It’s no secret that Canada’s healthcare workers have borne the brunt of the pandemic.
The consequences are on full display in a new University of Regina survey study entitled: “Have Saskatchewan Health Care Workers Reached a Breaking Point”?
Data for the survey was collected at four different points throughout the pandemic. Baseline data from May of 2020 was compared to the most recent data collected this past November.
Roughly 4,000 Saskatchewan health care staff completed the survey.
The research was headed by Sean Tucker, an Occupational Health & Safety rofessor at U of R.
“We saw in the written comments that quite a lot of workers are struggling with understaffing. They really spelled out the linkages between working short and burnout. They’re feeling helpless about the situation,” said Tucker.
Survey findings concluded that nearly 1 in 4 workers are probably experiencing mental illness. And 44% of healthcare staff are more likely to leave their profession compared to before the pandemic.
CUPE Local 5430 represents healthcare workers in the province.
Their president, Bashir Jalloh, has seen the results of these findings first-hand with his members.
“It’s having a significant effect on them. They’re being deprived of taking holidays. And even when they are taking time off they are constantly being called back into work.”
This burnout is severely affecting the industry’s ability to retain and recruit healthcare staff.
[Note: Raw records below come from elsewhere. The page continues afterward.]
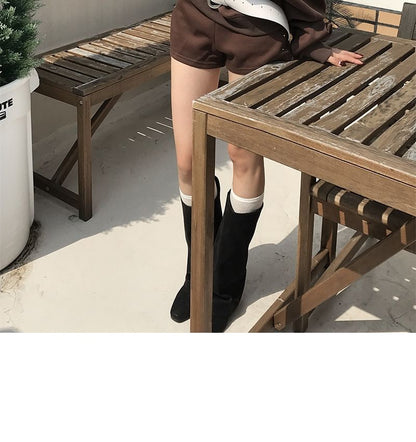 Studded Off-Shoulder Sweatshirt with High-Rise Shorts Set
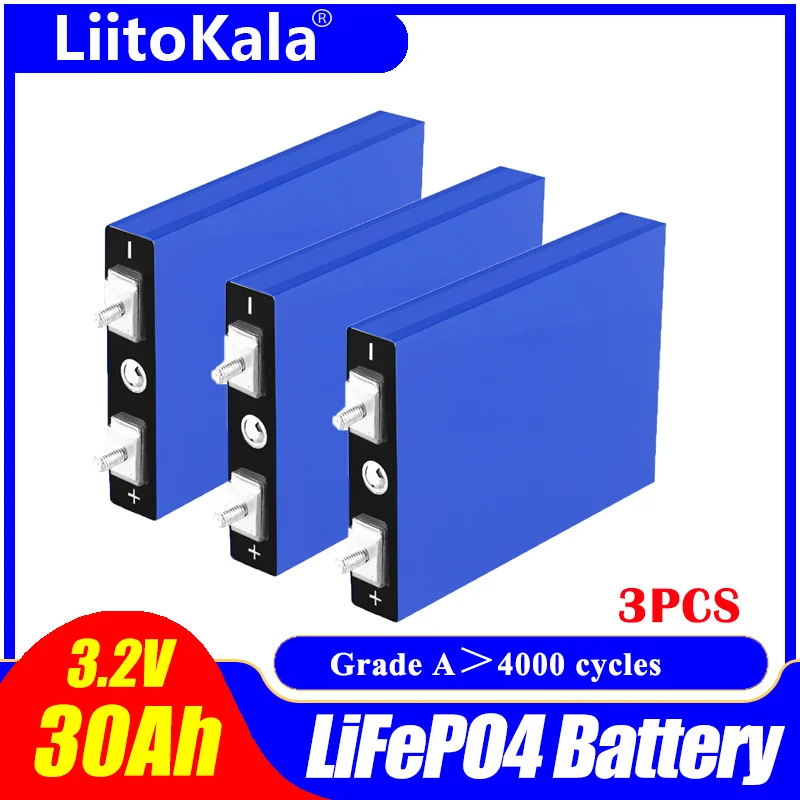 

3PCS LiitoKala LiFePo4 3.2V 30AH 5C lithium bateria for diy 12V lifepo4 e-bike e scooter wheel chair AGV car Golf carts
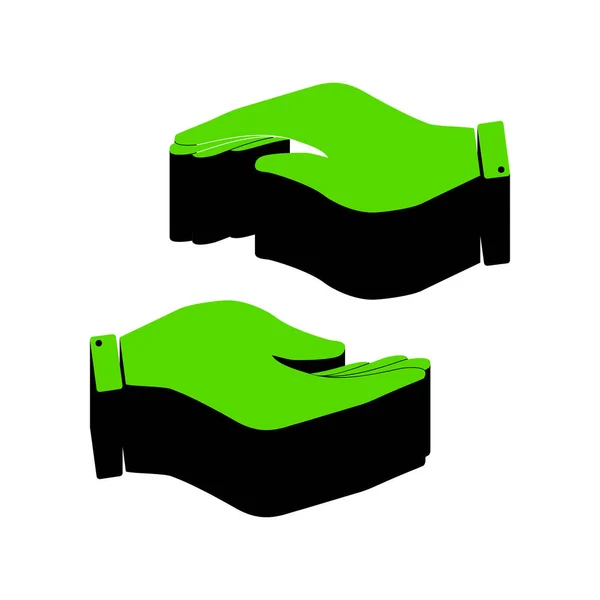 Signo de mano ilustración. Vector. Icono verde 3d con lado negro en — Vector de stock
At the Canadian Medical Association, President Dr. Katharine Smart explained the crisis facing health care professionals.
“We do not have enough doctors or nurses for the population, and this has been made acutely worse by the pandemic. We’re seeing new levels of people leaving because they’ve found the pandemic untenable for them to be able to carry on.”
Tucker is hopeful the results of the survey can be applied to finding real world solutions for health care professionals across the board.